Neilos
Neilos

Reputation: 2746

REST: update a resource with different fields requiring different user permissions

I have an endpoint /groups

I can create a group by POSTing some info to /groups

A single group can be read by /groups/{id}

I can update some fields in the group by POSTing to /group/{id}

HOWEVER I have different fields that are needed to be updated by users with different permissions, for instance: A group might have the structure

{
 "id": 1,
 "name": "some name",
 "members": [
  {
   "user_id": 456,
   "known_as": "Name 1",
   "user": { /* some user object */},
   "status": "accepted",
   "role": "admin",
   "shared": "something"
  },
  {
   "user_id": 999227,
   "known_as": "Name 1",
   "user": { /* some user object */},
   "status": "accepted",
   "role": "basic",
   "shared": "something"
  },
  {
   "user_id": 9883,
   "known_as": "Name 1",
   "user": { /* some user object */},
   "status": "requested",
   "role": "basic",
   "shared": "something"
  }
 ],
 "link": "https://some-link"
}

As an example I have the following 3 operations for the /group/{id}/members/{id} endpoint:

My options are this:

  1. Should I allow all updates to be done by POSTing to /group/{id}/members/{id} with a subset of the fields for a member and throw an unauthorized error if they try to update a field that they aren't allowed to update?
  2. Or should I break each operation into say /group/{id}/members/{id}/role, /group/{id}/members/{id}/shared and /group/{id}/members/{id}/status? The problem with this is that I don't want to have to make lots of requests to update all the fields (I imagine that there will end up being quite a lot of them).

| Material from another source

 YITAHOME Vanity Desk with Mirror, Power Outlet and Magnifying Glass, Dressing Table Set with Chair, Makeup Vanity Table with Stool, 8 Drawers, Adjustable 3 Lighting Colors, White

So just for clarification my question is: Is it considered proper REST to do my option 1 where I can post updates to an endpoint that may fail if you try to change a field that you aren't allowed to?

Upvotes: 0

Views: 452

Answers (1)

cshu
cshu

Reputation: 5954

In my opinion, option 1 is much better than option 2.

As you said option 2 is a waste of bandwidth.

More importantly, with option 1 you can easily implement an atomic update (update "all-or-nothing"). It should either complete successfully or fail entirely. There should never be a partial update.

With option 2 it's very likely the update can be implemented to complete some request successfully and reject another request, even if the two requests are considered a single operation.